Enter Discrete Fracture Network Modeling Suite (dfnWorks), a computer program—really a suite of machine learning algorithms—developed by Los Alamos. dfnWorks is already in use in the oil and gas and nuclear storage industries, and the technology holds great potential for EGS.
A fracked fissure is similar to a tree—a long “trunk” with “branches” radiating outward that break off into smaller “branches.” Data from seismic and other sensors can reveal larger fissures, which are sometimes meters in size. Then dfnWorks suite uses machine learning to build statistical models of the smaller fractures, which might be only millimeters in size. Each fissure, large and small, is displayed on a computer screen using an advanced spatial mesh, a way of representing mathematical data in 3D. This allows operators to view the fracked EGS reservoir almost like a 3D underground map, with the ability to rotate the image any direction desired.
“Once we’ve built the fractures on the mesh,” says Dan O’Malley, a team leader with the Lab’s Subsurface Flow and Transport group, “we can use dfnWorks to demonstrate the flow path of a fluid through the fractures, and that can help us infer how much heat the fluid will pull from the rocks.”
Because dfnWorks operates on supercomputers (as well as laptops), the program can churn out hundreds of thousands of predictive simulations within hours, making it the quickest and most accurate program of its kind.
But the Lab hasn’t stopped there.
O’Malley’s role as a quantum computing expert is to transfer dfnWork’s capabilities to the Lab’s IBM Q Network, a series of cloud-based quantum computing systems.
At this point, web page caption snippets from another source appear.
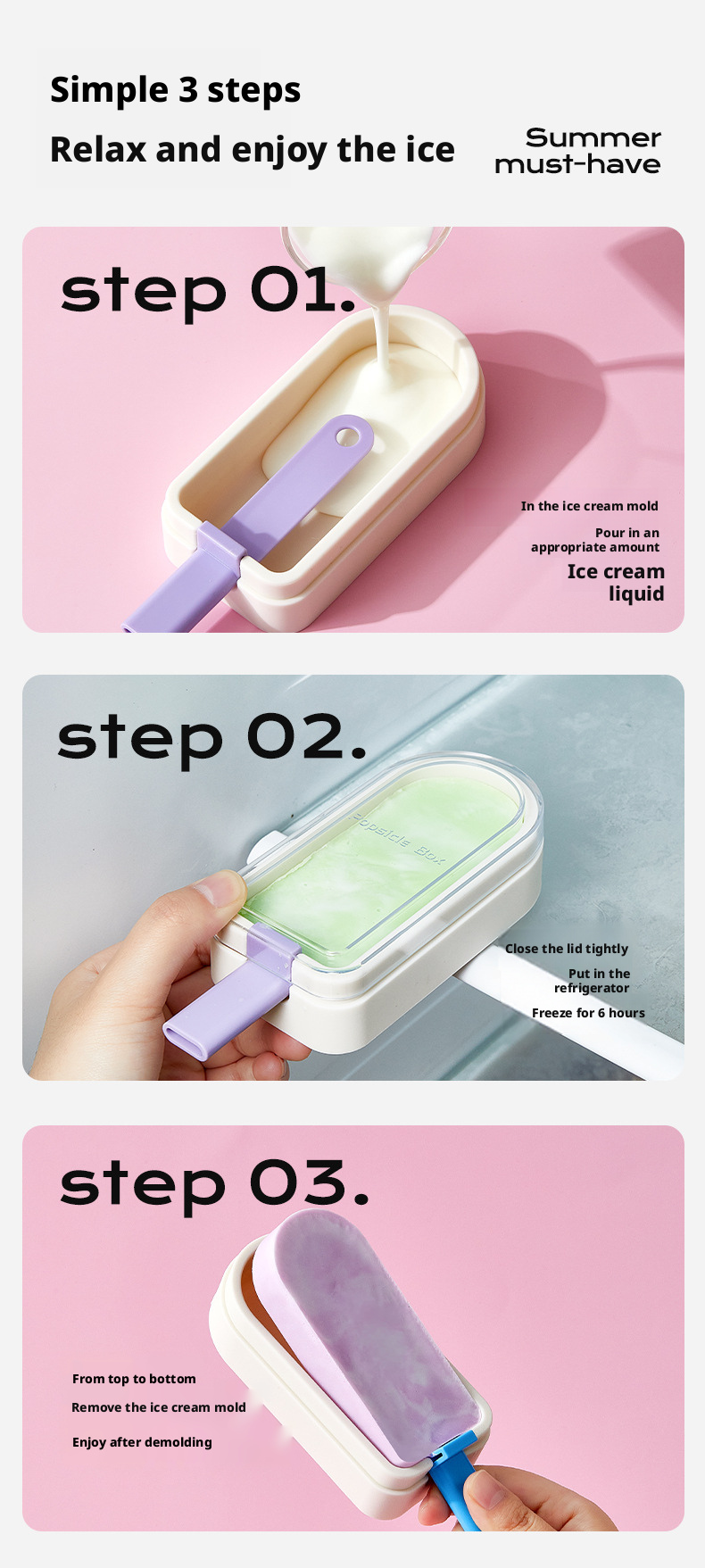 Creative Silicone Ice Cream Molds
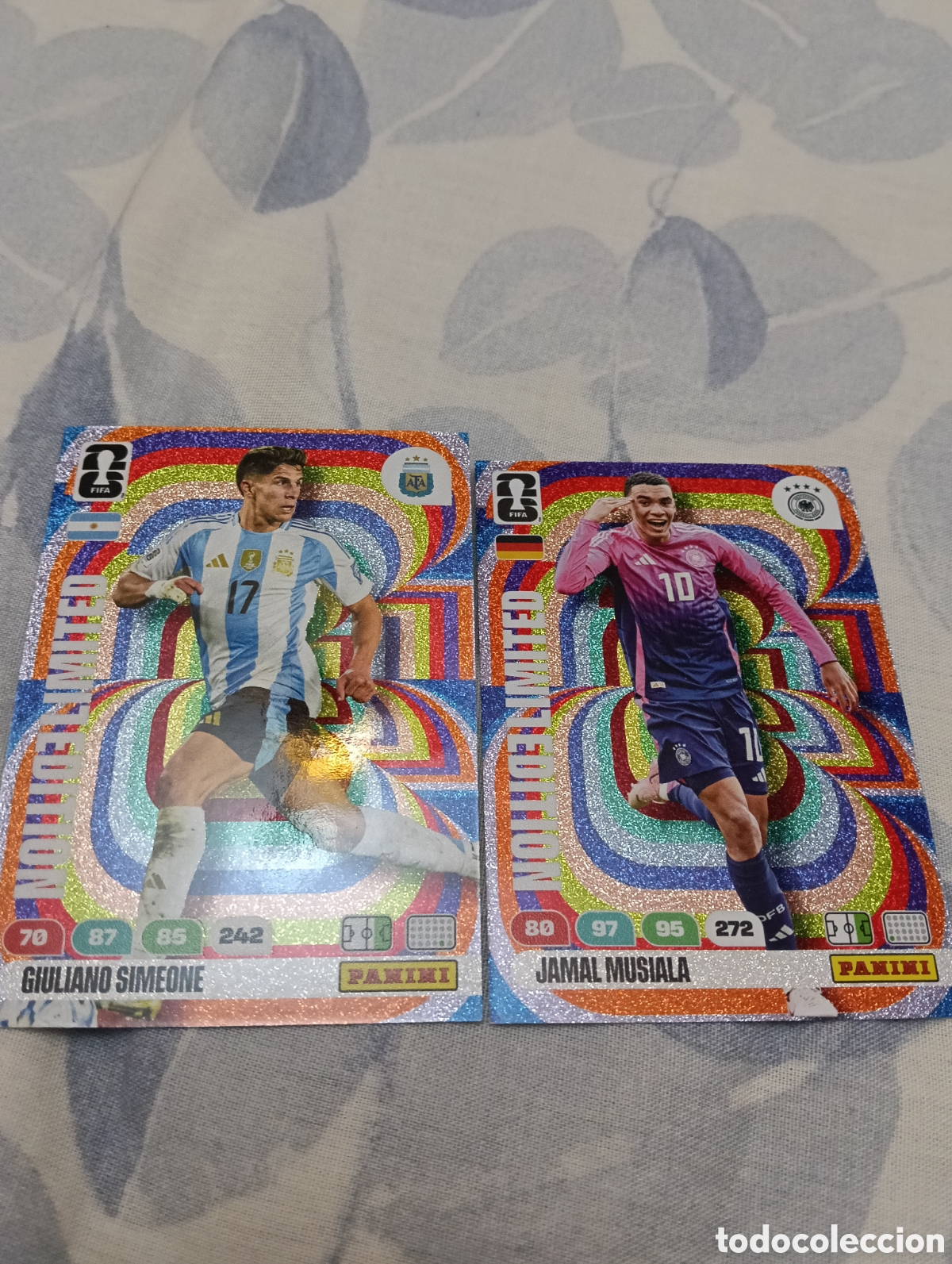 Cromos de F&uacute;tbol: 2 Cartas edici&oacute;n limitada de Adrenalyn World cup 26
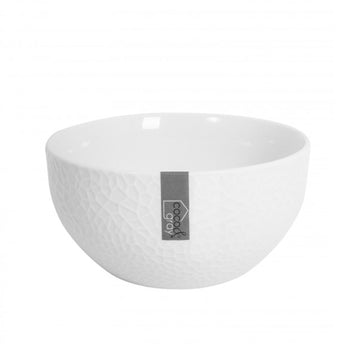 Porcelain Serving Bowl with White Rim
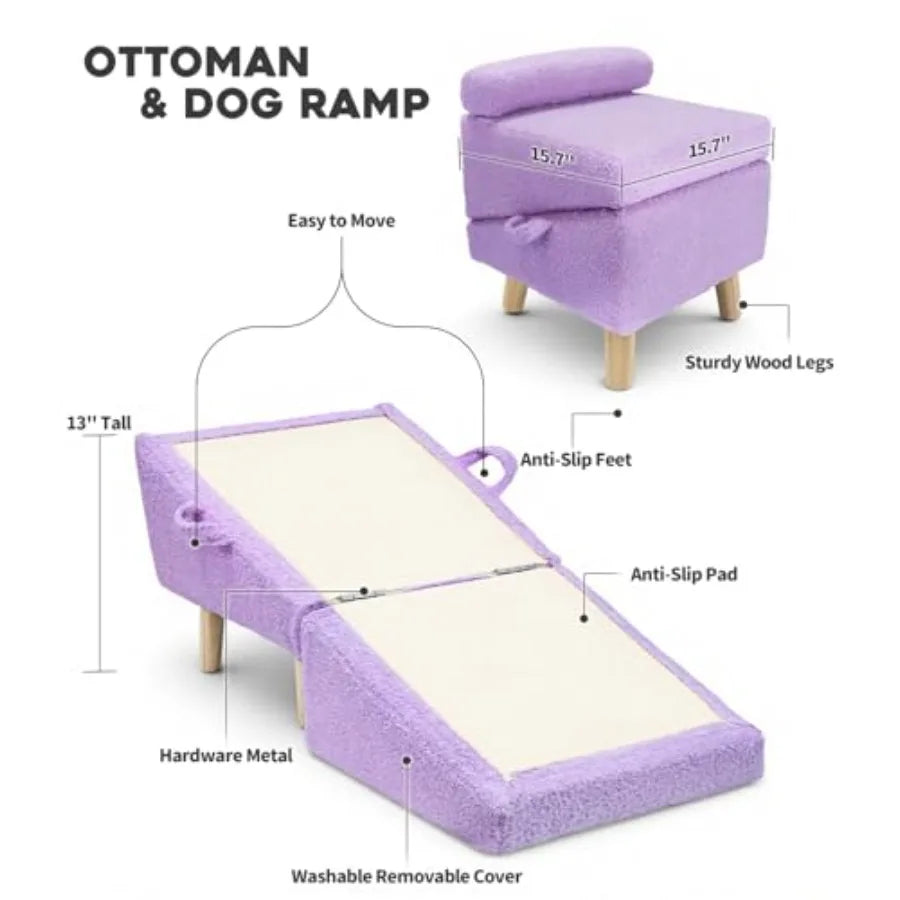 Purple Folding Wooden Pet Ramp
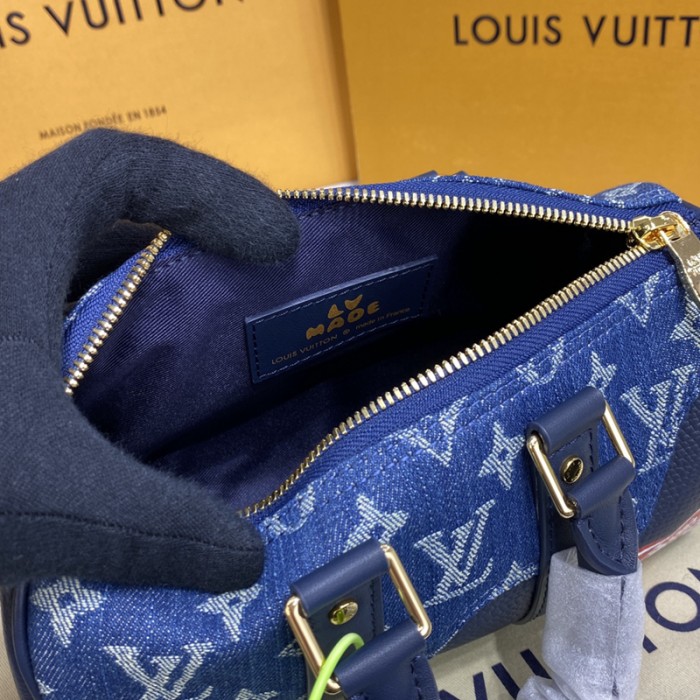 l**is V*t*n monogram denim keepall xs bag m81011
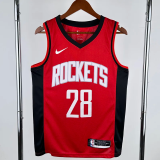 22-23 ROCKETS WAGNER #28 Red Away Top Quality Hot Pressing NBA Jersey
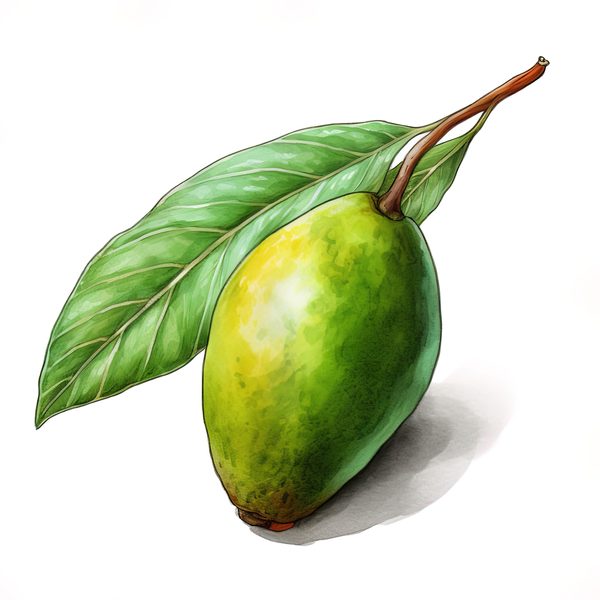 Watercolor Mango Clipart, Fruit Basket Art (PNG JPG, 300 DPI) — image 15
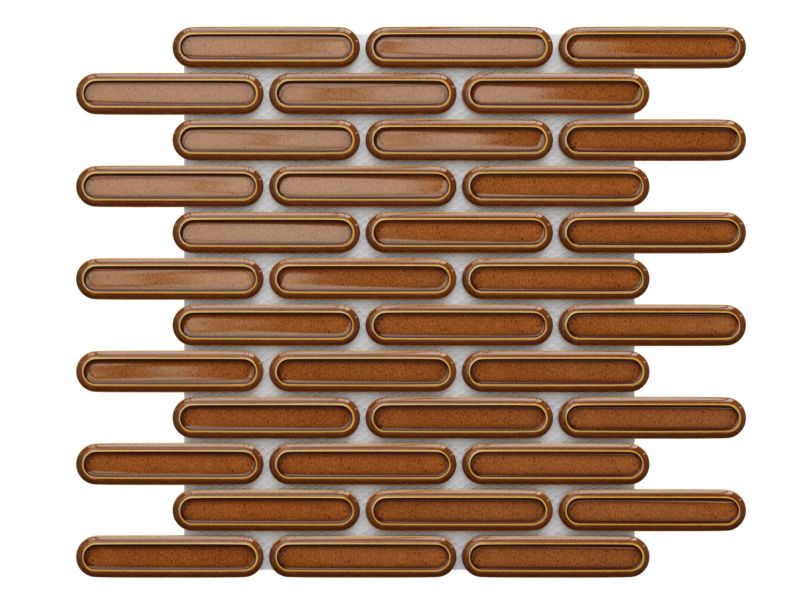 Mozaika ceramiczna Ilcom Savoiardi caramel brown brązowa 30.0 x 30.5 cm 1 szt.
Quantum computing uses an entirely different framework than classical computers do to solve problems—the most important difference being that quantum computing can arrive at an answer millions of times faster. O’Malley’s work, when completed, will allow Los Alamos researchers to simulate complicated EGS sites and reservoir flow patterns more accurately and quickly than anyone using classical computers.
“The holdup for EGS geothermal has really been efficiency, both in knowing how much energy we can get from a site and how to best operate the site,” O’Malley says. “With quantum computing, holds the potential to perform heroic calculations, mapping fracture networks that are massive, and doing this with more accuracy.”
In any enhanced geothermal system, a potential complication called short circuiting exists.
“In geothermal, short circuiting is a huge problem,” Viswanathan says. “Let’s say you have two wells [drilled holes deep into the rock] and a bunch of fractures in between. The ideal scenario is that you use all those fractures because it will heat your liquid more quickly. But imagine that all the water goes through one big fracture, one big artery, rather than the smaller veins. Then the hot rock will cool off and short circuit the entire site.”
To help operators constantly monitor the health and productivity of EGS sites, Los Alamos developed a machine learning program called Science-informed Machine Learning for Accelerating Real-Time Decisions in Subsurface Applications (SMART).
Funded by DOE and developed by a host of universities and national labs, including Los Alamos, SMART helps operators understand how to most efficiently run a geothermal plant, even under changing conditions. The program offers instantaneous model visualizations for the state of subsurface rock, fluid pressure management, and pressure anomaly detection that might indicate the fluid path has changed. If, over time, the fluid path does alter, SMART will not only detect changes but also offer recommendations on new operational strategies, such as changing the flow rate.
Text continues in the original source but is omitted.